Korokh: one who reached for the wind, Yuri had said. Tess touched the priest-rune engraved on the hilt of her saber. It felt very cold. "For a man to choose a woman?"

"The quiet road," breathed Vera. Her lips stayed slightly parted. Her hair flowed down around her shoulders like strands of silk-she wore it as an unmarried girl might, not in the married woman's tight braids. "The four-times-covered road from tree to stone." Tess realized that it was very still, as if a hush had fallen in deference to Vera's show of passion. "I wanted that road. I wanted that, not this."

A sudden cheer and a swell of laughter interrupted them, the lighting of the great fire. Flames sparked up.

"But here, we'll be late. I'll let you go." She left.

Tess stared after her. A group of young men hurried past her toward the fire, laughing and jesting, and a musician began a racing beat on a drum.

Tess ran to her tent and debated, briefly, whether to give up this attempt to change in the dark, but change she did, feeling with peculiar hindsight that Nadezhda Martov had known quite well what she was about, gifting this foreign stranger with decent women's clothing. But whom was she trying to impress? That was the question that troubled her.

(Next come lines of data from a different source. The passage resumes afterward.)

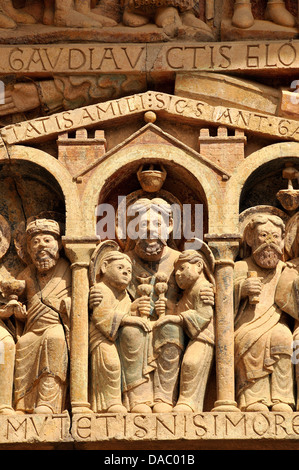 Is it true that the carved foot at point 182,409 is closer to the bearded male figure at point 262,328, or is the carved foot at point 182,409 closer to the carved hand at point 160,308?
the bearded male figure at point 262,328

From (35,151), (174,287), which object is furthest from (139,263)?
(35,151)

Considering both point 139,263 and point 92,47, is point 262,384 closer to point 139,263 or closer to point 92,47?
point 139,263

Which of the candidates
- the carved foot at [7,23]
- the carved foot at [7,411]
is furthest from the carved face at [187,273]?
the carved foot at [7,23]

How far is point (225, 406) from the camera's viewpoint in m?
12.2

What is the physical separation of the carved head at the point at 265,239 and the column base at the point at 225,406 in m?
1.13

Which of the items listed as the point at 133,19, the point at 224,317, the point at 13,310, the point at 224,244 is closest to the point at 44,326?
the point at 13,310

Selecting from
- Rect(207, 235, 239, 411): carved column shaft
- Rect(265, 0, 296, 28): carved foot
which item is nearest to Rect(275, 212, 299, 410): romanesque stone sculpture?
Rect(207, 235, 239, 411): carved column shaft

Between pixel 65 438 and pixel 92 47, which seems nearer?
pixel 65 438

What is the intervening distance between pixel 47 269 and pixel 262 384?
1.87 m

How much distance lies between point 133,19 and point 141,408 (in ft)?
10.5

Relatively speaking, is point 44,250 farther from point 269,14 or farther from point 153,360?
point 269,14

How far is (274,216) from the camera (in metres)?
12.8

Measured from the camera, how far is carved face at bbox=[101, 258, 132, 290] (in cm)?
1254

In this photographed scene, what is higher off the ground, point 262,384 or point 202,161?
point 202,161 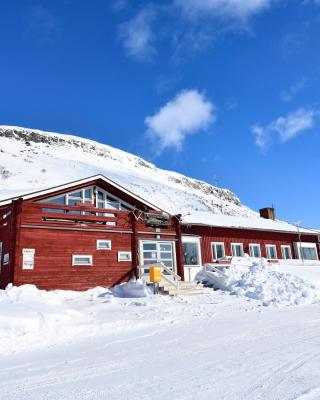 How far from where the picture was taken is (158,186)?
3314 inches

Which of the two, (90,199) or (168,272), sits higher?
(90,199)

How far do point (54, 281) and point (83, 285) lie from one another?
4.66 ft

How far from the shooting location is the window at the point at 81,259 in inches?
726

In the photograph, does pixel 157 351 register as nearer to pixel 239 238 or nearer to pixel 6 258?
pixel 6 258

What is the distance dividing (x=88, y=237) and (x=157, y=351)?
12.1 meters

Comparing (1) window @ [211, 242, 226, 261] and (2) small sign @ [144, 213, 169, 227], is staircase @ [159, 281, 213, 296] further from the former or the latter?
(1) window @ [211, 242, 226, 261]

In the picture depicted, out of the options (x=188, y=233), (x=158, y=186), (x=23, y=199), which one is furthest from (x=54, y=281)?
(x=158, y=186)

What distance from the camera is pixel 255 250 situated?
28.7 meters

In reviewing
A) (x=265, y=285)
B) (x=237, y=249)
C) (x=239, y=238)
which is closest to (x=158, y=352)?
(x=265, y=285)

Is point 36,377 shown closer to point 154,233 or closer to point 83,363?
point 83,363

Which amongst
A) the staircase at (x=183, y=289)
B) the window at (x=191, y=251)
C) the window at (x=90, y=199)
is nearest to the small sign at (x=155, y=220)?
the window at (x=90, y=199)

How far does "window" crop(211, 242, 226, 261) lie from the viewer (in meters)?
26.0

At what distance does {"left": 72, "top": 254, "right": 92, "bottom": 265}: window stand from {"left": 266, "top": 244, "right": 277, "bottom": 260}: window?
52.1ft

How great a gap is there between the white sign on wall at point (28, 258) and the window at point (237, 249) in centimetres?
1474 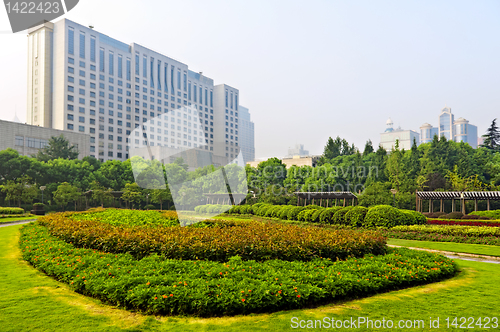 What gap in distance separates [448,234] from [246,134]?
107664 millimetres

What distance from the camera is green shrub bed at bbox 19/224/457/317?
14.8 feet

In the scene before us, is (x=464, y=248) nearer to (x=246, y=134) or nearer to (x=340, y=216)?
(x=340, y=216)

Coming out of her tent, she paused to try to get a glimpse of herself in her mirror. She was not sure that the beaded headdress over her braids was arranged correctly. She felt a presence come up beside her, and smelled a fleeting breath of cinnamon. She whirled.

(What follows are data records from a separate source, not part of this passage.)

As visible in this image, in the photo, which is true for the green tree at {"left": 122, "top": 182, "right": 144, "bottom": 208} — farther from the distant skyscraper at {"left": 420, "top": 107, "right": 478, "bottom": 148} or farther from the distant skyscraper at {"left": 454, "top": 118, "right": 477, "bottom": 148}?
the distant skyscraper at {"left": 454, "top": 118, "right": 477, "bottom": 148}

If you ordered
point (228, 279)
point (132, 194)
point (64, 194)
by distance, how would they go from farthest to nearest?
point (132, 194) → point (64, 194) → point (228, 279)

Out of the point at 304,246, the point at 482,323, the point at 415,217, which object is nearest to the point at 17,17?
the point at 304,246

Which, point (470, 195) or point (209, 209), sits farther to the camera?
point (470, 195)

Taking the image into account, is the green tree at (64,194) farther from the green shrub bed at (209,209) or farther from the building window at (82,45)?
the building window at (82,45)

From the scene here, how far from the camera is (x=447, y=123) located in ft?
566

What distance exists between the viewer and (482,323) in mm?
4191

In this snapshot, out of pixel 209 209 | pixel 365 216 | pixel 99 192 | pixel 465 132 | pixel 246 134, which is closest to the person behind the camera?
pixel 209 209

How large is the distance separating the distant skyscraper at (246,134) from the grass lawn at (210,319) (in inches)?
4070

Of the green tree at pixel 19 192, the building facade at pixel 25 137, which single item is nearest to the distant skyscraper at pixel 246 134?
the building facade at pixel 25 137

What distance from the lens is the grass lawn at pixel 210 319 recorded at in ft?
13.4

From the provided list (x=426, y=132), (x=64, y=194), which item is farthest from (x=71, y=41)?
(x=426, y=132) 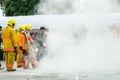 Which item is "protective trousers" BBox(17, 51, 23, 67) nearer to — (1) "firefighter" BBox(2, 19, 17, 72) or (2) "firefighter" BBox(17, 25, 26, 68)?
(2) "firefighter" BBox(17, 25, 26, 68)

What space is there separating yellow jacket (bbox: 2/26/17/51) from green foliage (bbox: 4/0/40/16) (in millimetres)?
17403

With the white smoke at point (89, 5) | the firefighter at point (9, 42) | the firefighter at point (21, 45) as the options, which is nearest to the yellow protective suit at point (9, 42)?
the firefighter at point (9, 42)

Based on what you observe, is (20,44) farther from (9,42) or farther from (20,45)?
(9,42)

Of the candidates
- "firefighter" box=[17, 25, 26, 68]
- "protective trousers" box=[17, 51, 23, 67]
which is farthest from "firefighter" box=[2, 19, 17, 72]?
"protective trousers" box=[17, 51, 23, 67]

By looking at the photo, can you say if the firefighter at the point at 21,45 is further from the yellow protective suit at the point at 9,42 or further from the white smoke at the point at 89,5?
the white smoke at the point at 89,5

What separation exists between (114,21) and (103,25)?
367 centimetres

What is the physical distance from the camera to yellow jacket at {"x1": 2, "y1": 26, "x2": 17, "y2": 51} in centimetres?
1731

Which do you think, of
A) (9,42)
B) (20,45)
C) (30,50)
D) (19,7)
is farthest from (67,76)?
(19,7)

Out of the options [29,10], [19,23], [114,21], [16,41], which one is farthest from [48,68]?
[29,10]

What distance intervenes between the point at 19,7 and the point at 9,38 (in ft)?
66.5

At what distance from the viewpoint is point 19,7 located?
123 feet

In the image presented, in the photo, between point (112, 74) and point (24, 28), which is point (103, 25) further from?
point (112, 74)

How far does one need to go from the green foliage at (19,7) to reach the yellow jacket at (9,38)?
57.1 feet

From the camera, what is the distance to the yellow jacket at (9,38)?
17.3 m
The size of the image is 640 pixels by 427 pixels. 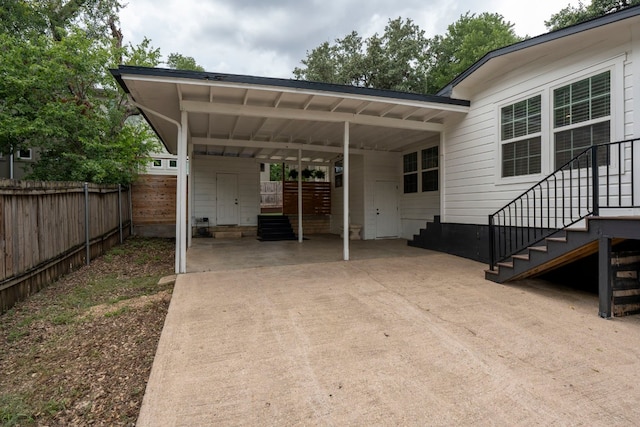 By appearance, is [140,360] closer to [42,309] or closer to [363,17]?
[42,309]

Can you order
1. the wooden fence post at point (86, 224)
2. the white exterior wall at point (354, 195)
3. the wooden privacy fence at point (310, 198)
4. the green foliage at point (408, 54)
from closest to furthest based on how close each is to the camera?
the wooden fence post at point (86, 224) → the white exterior wall at point (354, 195) → the wooden privacy fence at point (310, 198) → the green foliage at point (408, 54)

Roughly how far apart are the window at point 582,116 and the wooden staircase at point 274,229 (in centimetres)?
768

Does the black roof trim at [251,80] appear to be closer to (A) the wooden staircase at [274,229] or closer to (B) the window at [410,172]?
(B) the window at [410,172]

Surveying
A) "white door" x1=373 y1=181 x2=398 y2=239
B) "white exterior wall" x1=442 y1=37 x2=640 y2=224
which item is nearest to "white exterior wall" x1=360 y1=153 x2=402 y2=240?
"white door" x1=373 y1=181 x2=398 y2=239

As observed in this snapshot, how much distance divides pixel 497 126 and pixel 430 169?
8.75 ft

"Cha Ishii!" He stood before her, straight, hands folded at his chest in 'Lord's Supplication.'

Unfolding his hands, he bowed. "Lady Terese, your most generous pardon, I beg of you, for this unexpected intrusion."

"You surprised me." She took one step back from him. "I did not expect to see you venturing out at this sort of-social occasion."

"Lady Terese." The color of his face was lost in darkness, no shade to his voice at all. "With greatest deference, I advise you to stay here with this tribe. Do not go with us in the morning. Please be so munificent as to believe me when I say I have no desire to see you come to any harm, even though you would have brought it on yourself should anything happen to you."

"What would happen? Why should I stay here? Cha Ishii!"

But he simply turned and walked away, to be hidden swiftly by the night. Tess gaped after him.

"Tess?" It was Arina, tentative as always. "I thought you might-oh, I don't know. Here, let me straighten that for you." She adjusted the headpiece. "There. Would you like company, to go out?''

"Yes, I would," said Tess, liking Arina very much, however much she wanted to dislike her.

It proved easy enough to lose herself in the festivities. She knew quite well that she ought not to dance more than the occasional dance with any of the riders of Bakhtiian's jahar, so she turned her attention to the riders of Veselov's tribe. She felt completely at ease as she flirted with them in the casual, straightforward manner that jaran women had. She danced twice with Petya because she felt sorry for him. Beneath the undeniably handsome exterior, beneath the self-effacing bashfulness devoid of conceit, beneath the quick, unpretentious smile and the delicate, pale blue of his eyes, Petya was desperately unhappy. She took Yuri aside to ask him about it.